Statement by the IMF Staff Representative

This 2005 Article IV Consultation highlights that data for the first half of 2005 point to a widening fiscal deficit for Antigua and Barbuda. A combination of a reduction in capital spending and some improvement in revenues following a tightening of the concessions regime resulted in a closing of the primary deficit to 1½ percent of GDP in 2004. Revenues have performed well following the reintroduction of the personal income tax. The external current account deficit has narrowed to about 11 percent of GDP, financed by foreign direct investment.

Abstract

This 2005 Article IV Consultation highlights that data for the first half of 2005 point to a widening fiscal deficit for Antigua and Barbuda. A combination of a reduction in capital spending and some improvement in revenues following a tightening of the concessions regime resulted in a closing of the primary deficit to 1½ percent of GDP in 2004. Revenues have performed well following the reintroduction of the personal income tax. The external current account deficit has narrowed to about 11 percent of GDP, financed by foreign direct investment.

December 21, 2005

1. This statement provides additional information that has become available since the circulation of the staff report. It does not alter the thrust of the staff appraisal.

Macroeconomic Developments and Prospects

2. The authorities have revised their growth projection for 2005 to 5 percent from 4 percent previously, on account of a more rapid than expected pick up in construction activity. However, tourism outcomes remain weak—data through end-September indicate a 5.5 percent decline in stayover arrivals by air relative to the same period of 2004—and staff's GDP projection remains unchanged relative to the staff report.

3. Inflation has risen following the recent increases in domestic petroleum prices. The CPI increased by 2.2 percent in the 12 months ending October 2005. The increase in the CPI excluding accommodation was 4.3 percent.

Policy Developments

4. Additional information on the authorities' policy agenda for 2006 has been provided in the context of the Throne Speech (delivered on November 18) and the Budget Speech (delivered on November 30). The 2006 Budget is now being debated in Parliament.

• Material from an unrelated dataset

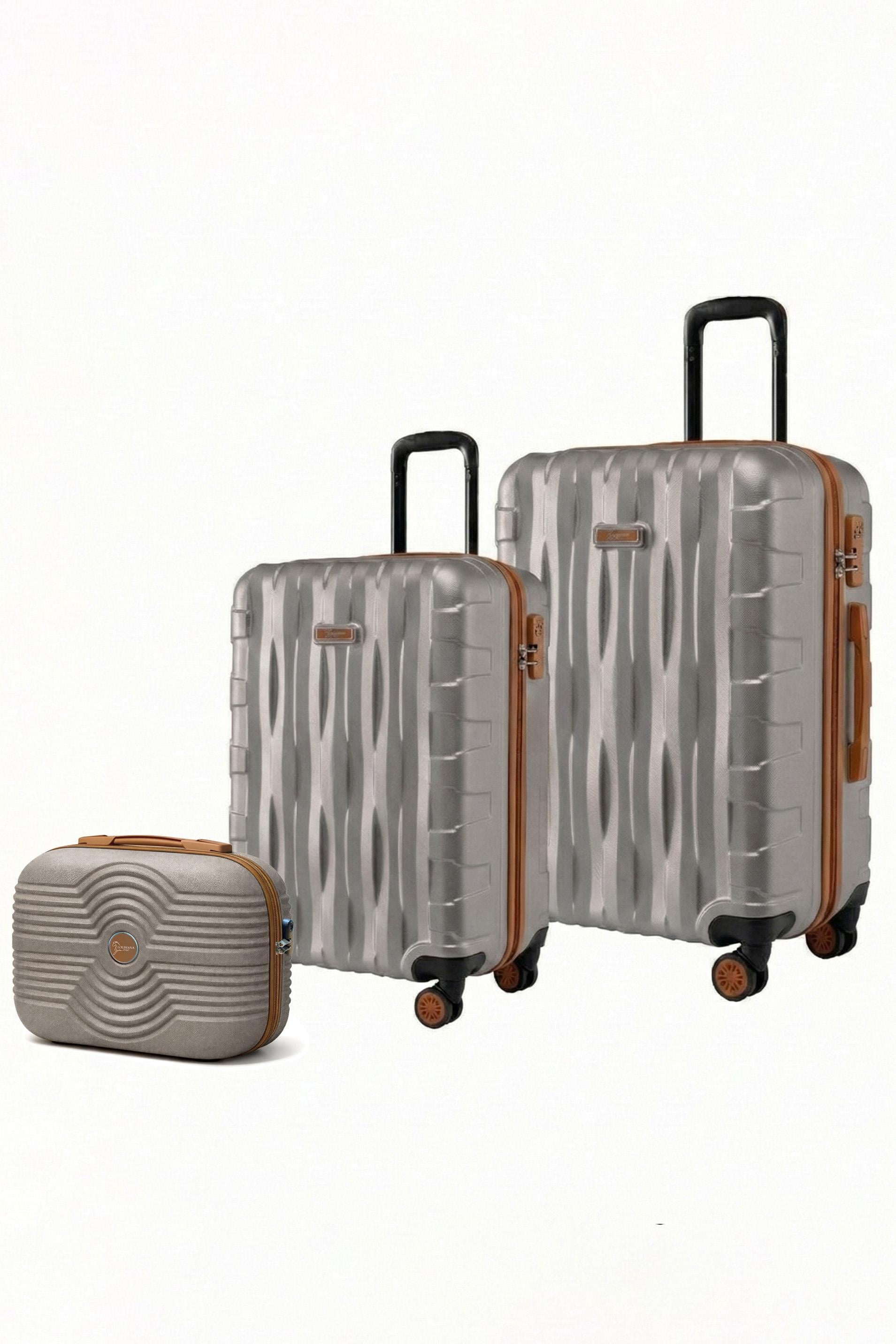 2'li Valiz Seti Orta Boy - Kabin Boy - Makyaj Taş-Taba 1167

Key policy commitments—which are broadly in line with information provided in the staff report—include:

  • The Antigua and Barbuda Sales Tax is to be introduced in the second quarter of 2006, replacing a number of existing taxes but projected to generate additional revenue of around 1½ percent of GDP in 2006.

  • A modern Property Tax is to be effective on January 1, 2006. Following an audit conducted during 2005, the number of properties included in the property tax registry has increased by 75 percent.

  • Petroleum products are to be priced in line with the common approach to achieving increased flexibility being developed throughout the ECCU.

  • A voluntary severance scheme for civil servants has been announced, with applications due by February 28, 2006. The package includes a lump-sum payment based on years of service plus grants for training.

  • Spending on the school meals program will be limited to EC$5 million, by targeting the program to nine primary schools in 2006.

  • The public sector debt stock is to be reduced to less than 80 percent of GDP by end-2007, compared to 105 percent of GDP at end-2005.

  • Amendments to the Labor Code and Industrial Court Act are under preparation to provide a better balance between the rights and obligations of employees and employers, reasonable recognition of long service by employees, and to respond to the need for a regulatory climate conducive to investment and business viability.

  • Liberalization of the telecommunications sector to ensure competition and support development of the IT service sector and the transition to e-Government. The removal of the monopoly operating license on providing landline international calls has been announced, effective January 1, 2006.